Tehiyah Day School in El Cerrito, Calif., had a problem.
Like many Jewish day schools throughout North America, Tehiyah has plenty of students from lower-income families and a number from affluent ones. But it couldn’t seem to recruit and retain many middle-class students, even as it devoted increasing amounts to financial aid.
Middle-class parents “felt they wouldn’t be considered for financial aid or were just on the border of whether they could get aid,” said Bathea James, Tehiyah’s head of school. “For many who felt they were reasonably financially successful, to fill out a financial aid form just wasn’t something they’d be willing to consider.”
So last year, James tried a new strategy: Instead of posting a single tuition price and urging those who couldn’t afford it to apply for a scholarship, the school now posts a tuition range, from $7,950 to $22,450 for the 2014-15 academic year.
Known as indexed tuition, the plan permits parents to pay reduced tuition. To qualify for lower amounts, parents still must submit financial forms not entirely unlike what was required in the old aid application.
So the change is more about presentation than substance. But James said something about the system feels different.
“It’s a door opener for middle-income families,” she said. “They say if it’s based on what I can afford, let’s at least have a look at it.”
In response to mounting concerns about the increasing affordability of Jewish education, day schools across North America are experimenting with new approaches to tuition and financial aid.
Some, like Oakland Hebrew Day School in California, have introduced indexed tuition models, sometimes also referred to as “flex” or “sliding scale” tuition. Others have moved to cap tuition as a percentage of family income.
The Solomon Schechter School of Greater Boston launched its iCap program in the 2012-13 term that guarantees a family will never be required to spend more than 15 percent of its household income on tuition. It means families with incomes as high as $400,000 — more than four times the median household income in Massachusetts — can still be eligible for financial aid if they have three or more children enrolled and have assets under a certain threshold.
As with Tehiyah’s indexed tuition, iCap isn’t actually costing the school any more money; most families would receive similar assistance had they applied for financial aid under the traditional system. But it does help with sticker shock, particularly for families who by national standards are far from poor but still struggle to cover the cost of a Jewish day school education.

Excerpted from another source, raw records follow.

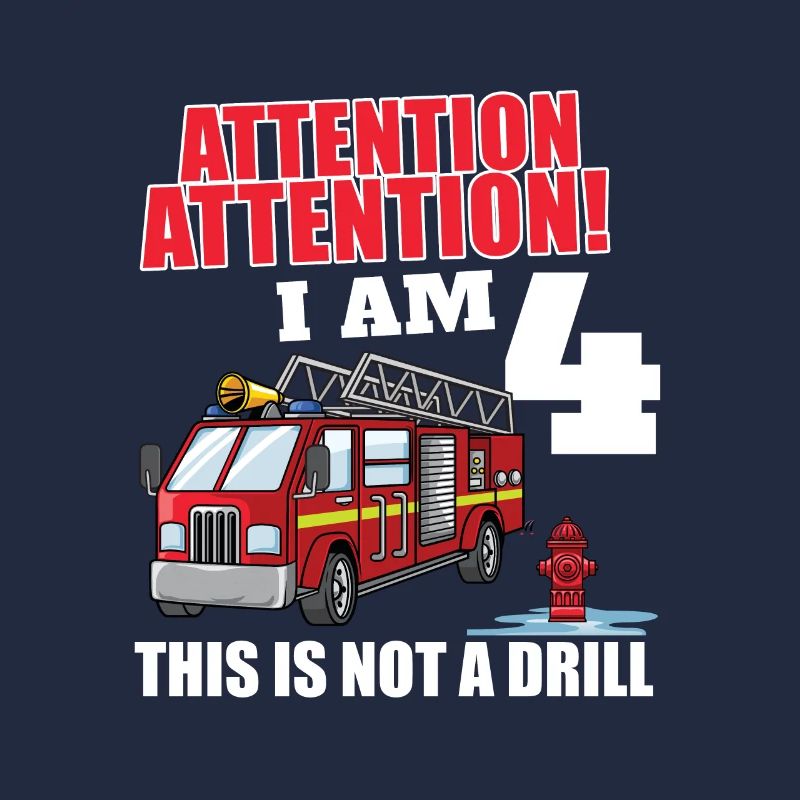 Attention I'm 4 Pompier camion 4 ans 4e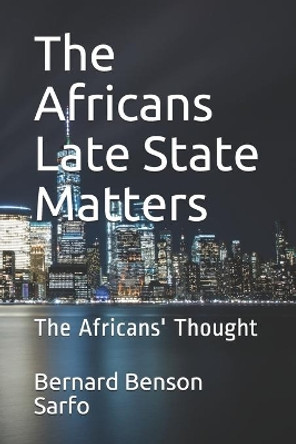 The Africans Late State Matters: The Africans' Thought by Bernard Benson Sarfo 9781725965041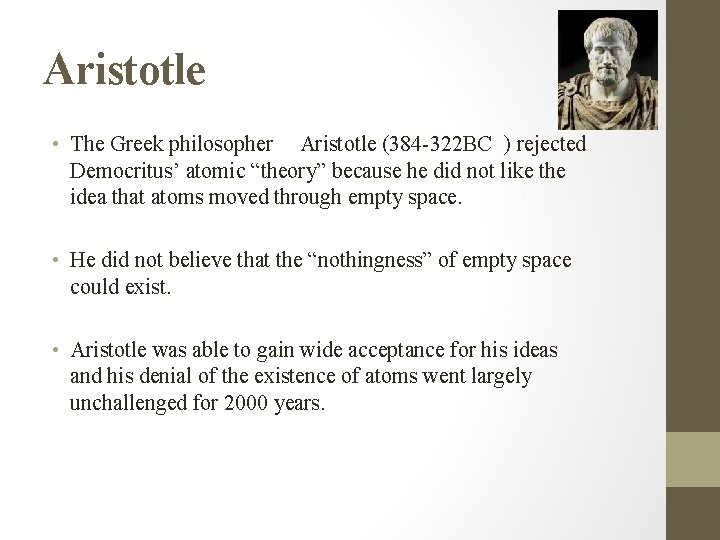 Aristotle • The Greek philosopher Aristotle (384 -322 BC ) rejected Democritus’ atomic “theory”
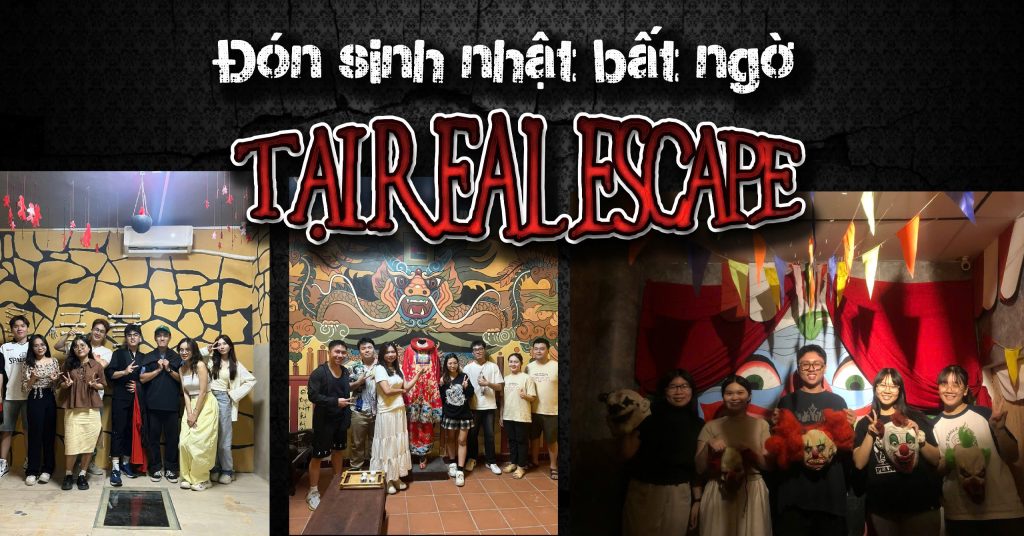 Đón sinh nhật bất ngờ tại Real Escape
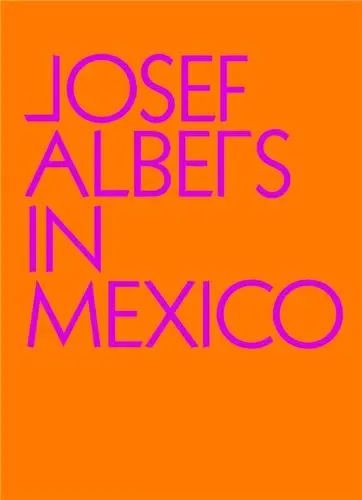 Josef Albers in Mexico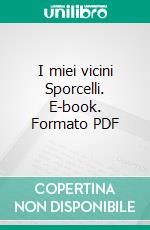 I miei vicini Sporcelli. E-book. Formato PDF ebook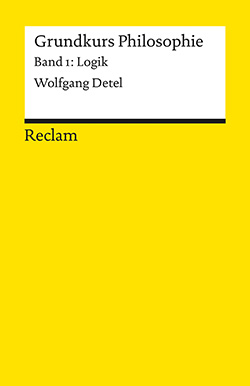 Detel, Wolfgang: Grundkurs Philosophie 1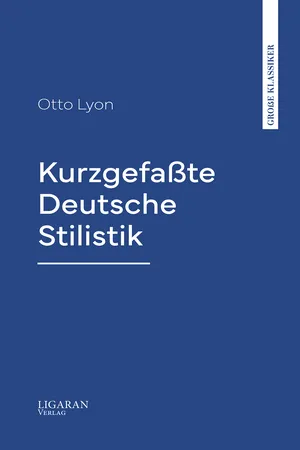 Kurzgefaßte Deutsche Stilistik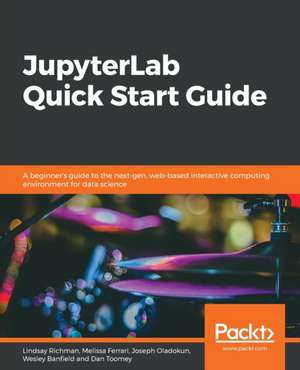 Jupyterlab Quick Start Guide de Melissa Ferrari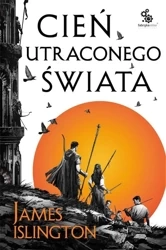 Trylogia Licaniusa T.1 Cień utraconego świata - James Islington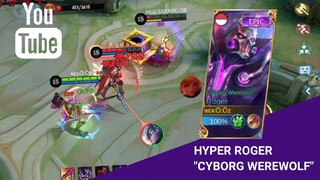 HYPER ROGER apakah masih META di Patch baru ini ? - Mobile Legends Bang Bang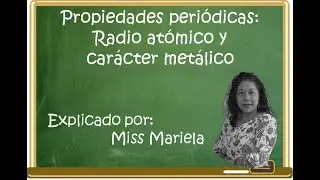 PROPIEDADES PERIODICAS:  radio atómico y caracer metalico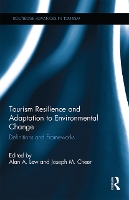 Book Cover for Tourism Resilience and Adaptation to Environmental Change by Alan A Northern Arizona University, USA Lew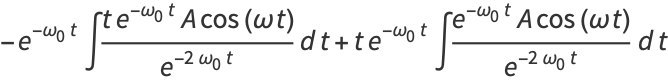 -e^(-omega_0t)int(te^(-omega_0t)Acos(omegat))/(e^(-2omega_0t))dt+te^(-omega_0t)int(e^(-omega_0t)Acos(omegat))/(e^(-2omega_0t))dt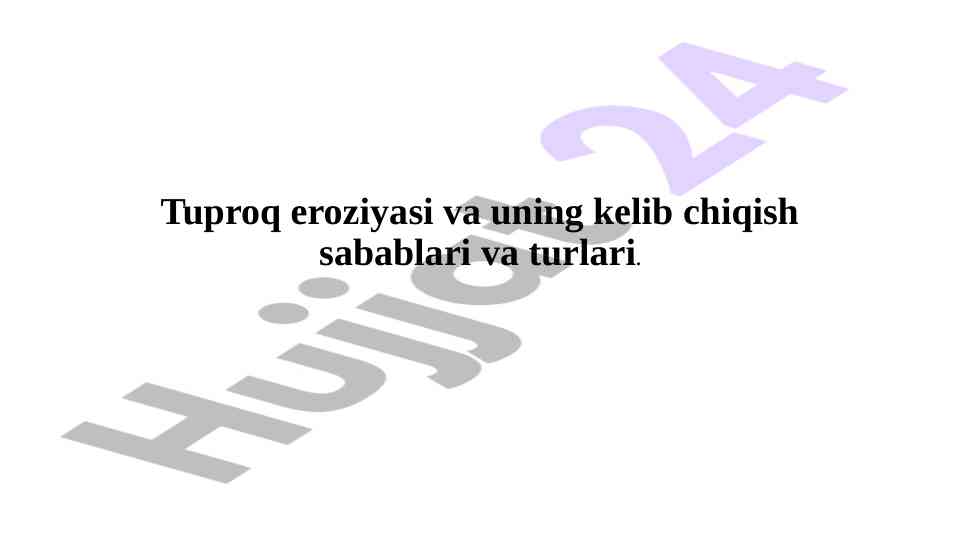 Tuproq eroziyasi va uning turlari haqida ma'lumotlar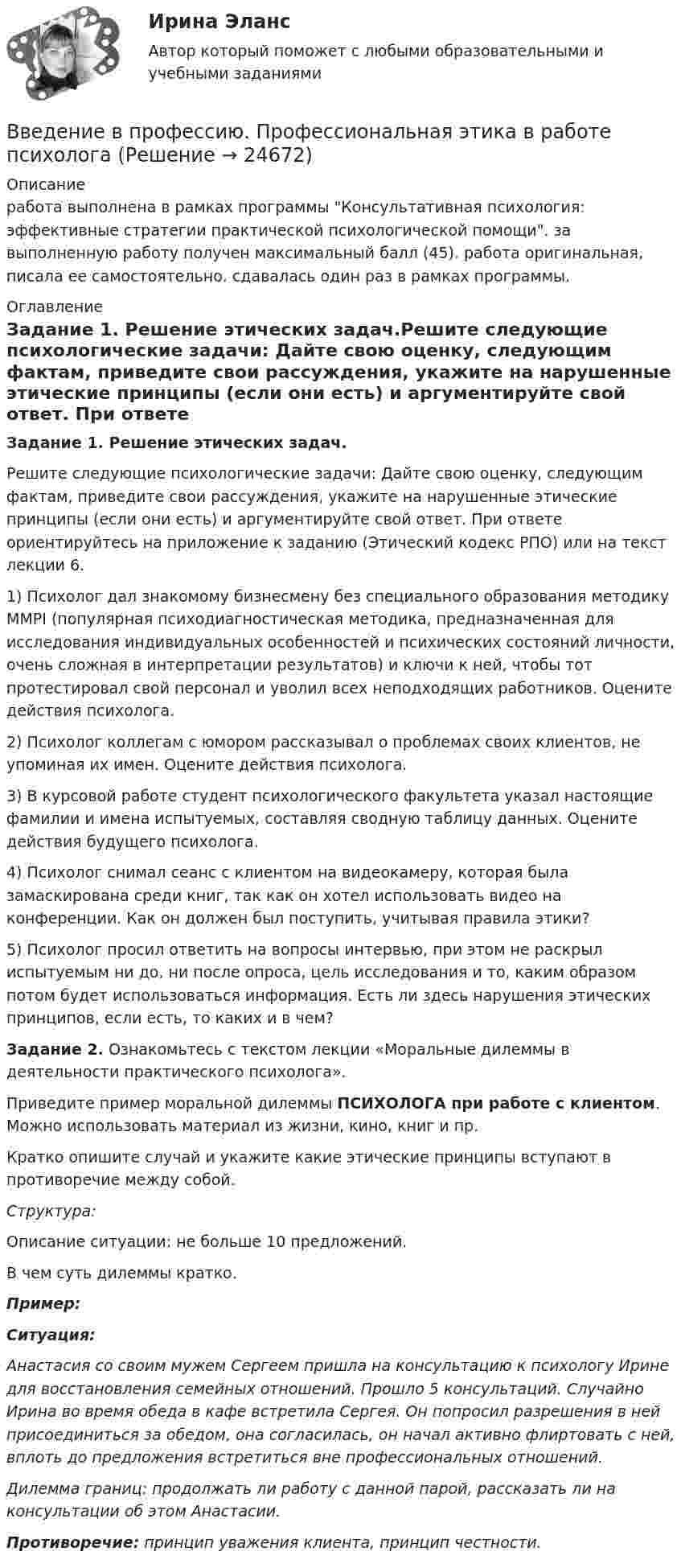      
          Описание
          работа выполнена в рамках программы Консультативная психология: эффективные стратегии практической психологической помощи. за выполненную работу получен максимальный балл (45). работа оригинальная, писала ее самостоятельно. сдавалась один раз в рамках программы. 
          Оглавление
          Задание 1. Решение этических задач.Решите следующие психологические задачи: Дайте свою оценку, следующим фактам, приведите свои рассуждения, укажите на нарушенные этические принципы (если они есть) и аргументируйте свой ответ. При ответе ориентируйтесь на приложение к заданию (Этический кодекс РПО) или на текст лекции 6.1) Психолог дал знакомому бизнесмену без специального образования методику ММРI (популярная психодиагностическая методика, предназначенная для исследования индивидуальных особенностей и психических состояний личности, очень сложная в интерпретации результатов) и ключи к ней, чтобы тот протестировал свой персонал и уволил всех неподходящих работников. Оцените действия психолога.2) Психолог коллегам с юмором рассказывал о проблемах своих клиентов, не упоминая их имен. Оцените действия психолога.3) В курсовой работе студент психологического факультета указал настоящие фамилии и имена испытуемых, составляя сводную таблицу данных. Оцените действия будущего психолога.4) Психолог снимал сеанс с клиентом на видеокамеру, которая была замаскирована среди книг, так как он хотел использовать видео на конференции. Как он должен был поступить, учитывая правила этики?5) Психолог просил ответить на вопросы интервью, при этом не раскрыл испытуемым ни до, ни после опроса, цель исследования и то, каким образом потом будет использоваться информация. Есть ли здесь нарушения этических принципов, если есть, то каких и в чем?Задание 2. Ознакомьтесь с текстом лекции «Моральные дилеммы в деятельности практического психолога».Приведите пример моральной дилеммы ПСИХОЛОГА при работе с клиентом. Можно использовать материал из жизни, кино, книг и пр.Кратко опишите случай и укажите какие этические принципы вступают в противоречие между собой.  Структура:Описание ситуации: не больше 10 предложений.В чем суть дилеммы кратко.Пример:Ситуация:Анастасия со своим мужем Сергеем пришла на консультацию к психологу Ирине для восстановления семейных отношений. Прошло 5 консультаций. Случайно Ирина во время обеда в кафе встретила Сергея. Он попросил разрешения в ней присоединиться за обедом, она согласилась, он начал активно флиртовать с ней, вплоть до предложения встретиться вне профессиональных отношений. Дилемма границ: продолжать ли работу с данной парой, рассказать ли на консультации об этом Анастасии.Противоречие: принцип уважения клиента, принцип честности. 
            
            
            Введение в профессию	 ПРАКТИЧЕСКОЕ ЗАДАНИЕ № 1,2Введение в профессию. Профессиональная этика в работе психологаВведение в профессию. Профессиональная этика в работе психологаВведение в профессию Профессиональная этика в работе психолога автоматизированное задание к теме 6Введение в профессию. Профессиональная этика в работе психолога АНО ДПО Введение в профессию. Профессиональная этика в работе психолога. Индивидуальное практическое заданиеВведение в профессию Профессиональная этика в работе психолога ответы на тестовые вопросыВведение в профессиональную деятельность Эдукон. ОЦЕНКА ПРОПУСКНОЙ СПОСОБНОСТИ МАГИСТРАЛЬНЫХ УЛИЦ ГОРОДАВведение в профессию (1/1) ММУ Введение в профессию (дефектология) введение в профессию дфоВведение в профессию ДФОВведение в профессию ДФОВведение в профессию Лингвистика ММУ 2023г.
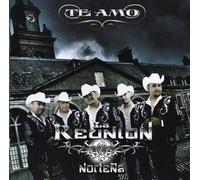 La Reunion Nortena La Reunion Nortena Te Amo (CD)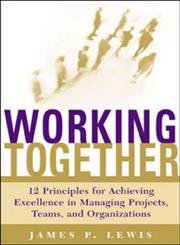 Imagen de archivo de Working Together: 12 Principles for Achieving Excellence in Managing Projects, Teams, and Organizations a la venta por Wonder Book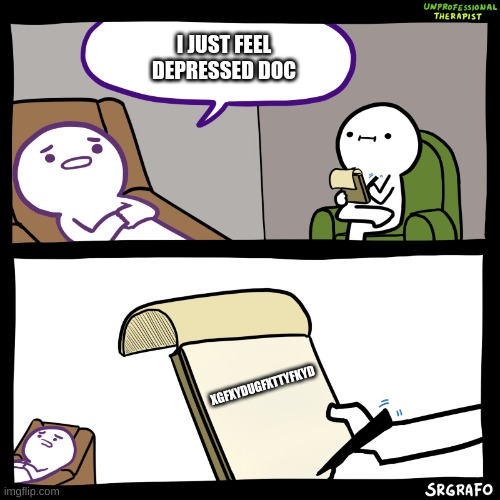 Unprofessional Therapist | I JUST FEEL DEPRESSED DOC; XGFXYDUGFXTTYFKYD | image tagged in unprofessional therapist | made w/ Imgflip meme maker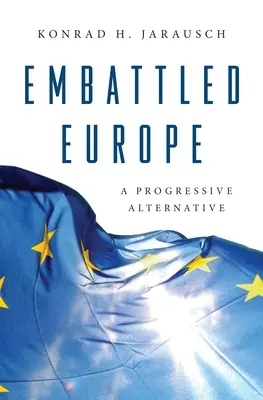 La Europa asediada: Una alternativa progresista - Embattled Europe: A Progressive Alternative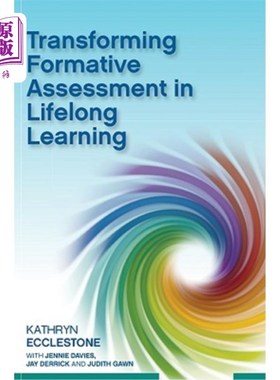 海外直订Transforming Formative Assessment in Lifelong Learning 在学习中转变形成性评估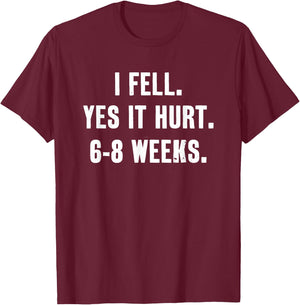 I Fell Yes It Hurt 6-8 Weeks Funny Broken Bone Arm T-Shirt - T-Shirt | Maroon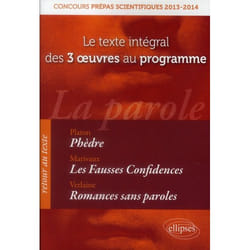 Concours prépas scientifiques. Texte intégral des œuvres au programme. Phèdre, Platon,  Fausses confidences, Marivaux,  Romances sans paroles, Verlaine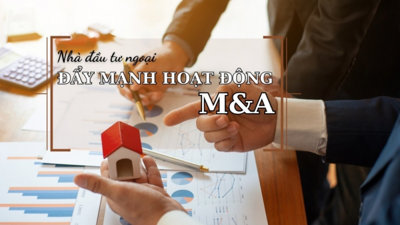 M&A bất động sản vào giai đoạn nước rút: Nhà đầu tư ngoại đẩy mạnh “săn hàng” dịp cuối năm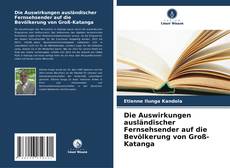 Borítókép a  Die Auswirkungen ausländischer Fernsehsender auf die Bevölkerung von Groß-Katanga - hoz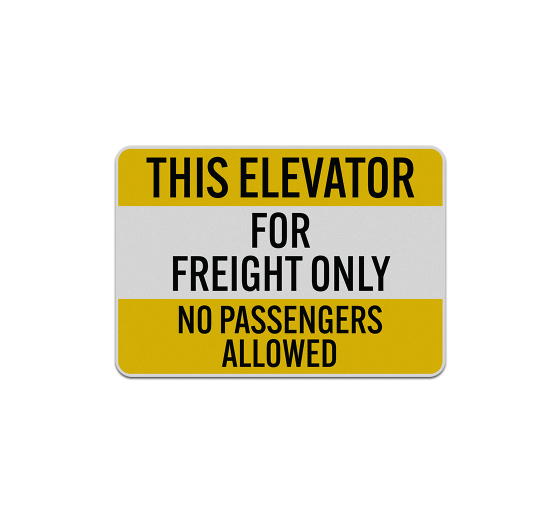 This Elevator Is For Freight Only Decal (Reflective)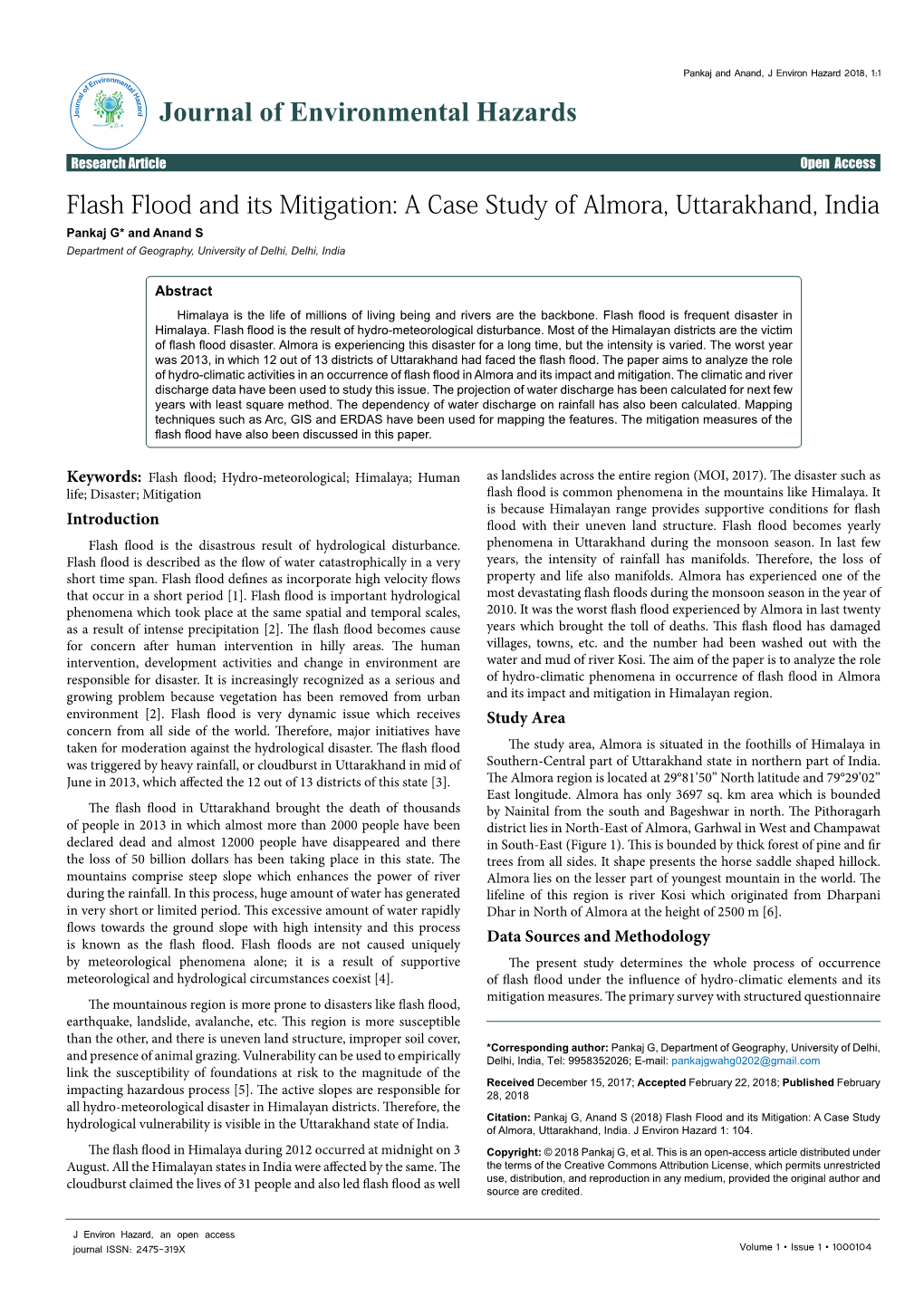 Flash Flood and Its Mitigation: a Case Study of Almora, Uttarakhand, India Pankaj G* and Anand S Department of Geography, University of Delhi, Delhi, India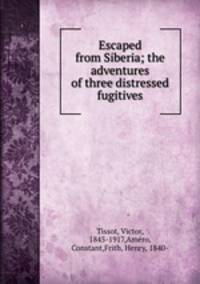 Escaped from Siberia; the adventures of three distressed fugitives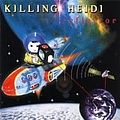 Killing Heidi - Reflector (bonus disc) альбом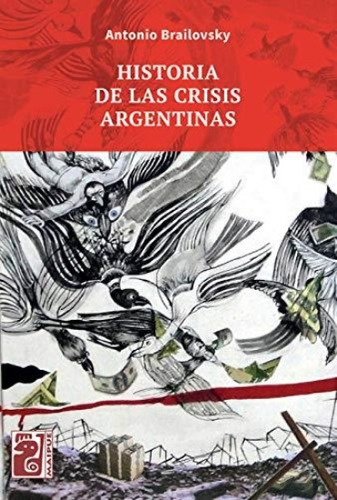 Historia De Las Crisis Argentinas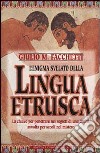 L'enigma svelato della lingua etrusca. La chiave per penetrare nei segreti di una civiltà avvolta per secoli nel mistero libro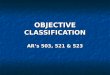 OBJECTIVE CLASSIFICATION AR’s 503, 521 & 523. Learning Objectives What is objective classification? What is objective classification? What is the purpose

“Most families in that high-end income bracket don’t even imagine they would qualify for a scholarship,” said Dan Perla, program officer for day school finance at the Avi Chai Foundation. The iCap program, he said, “makes it really easy and really transparent.”
Another Boston school, Maimonides, is introducing a version of the program next year. And the Avi Chai Foundation is helping two other day schools — Beit Rabban in Manhattan and the Robbins Hebrew Academy in Toronto — pilot similar efforts.
Some schools are developing elaborate and sometimes costly discounts designed not just to attract new families but also to reduce attrition.
Hillel Day School in suburban Detroit is launching a “tuition subvention” program in 2014-15 that provides a tuition credit to each student that increases by $1,000 each year they stay in the school, regardless of family income.
Milwaukee Day School tried a similar approach, offering tuition discounts that continue each year a student remains in the school. The strategy resulted in the enrollment of 55 new students last year — one of the largest increases ever seen by the school, according to Head of School Brian King.
But the incentive, which was a one-time offer available only to students enrolled at the school during the 2012-13 academic year, failed to arrest the school’s long-term decline in enrollment. The school currently has 190 students, down from last year’s 208.
One approach Perla and other experts generally discourage is across-the-board tuition cuts, which they say can be financially unsustainable and do not lead to long-term enrollment gains. A recent study of 200 schools conducted by Measuring Success, a consulting firm specializing in data analysis for non-profits, found that contrary to conventional wisdom, raising tuition does not lead to decreased enrollment.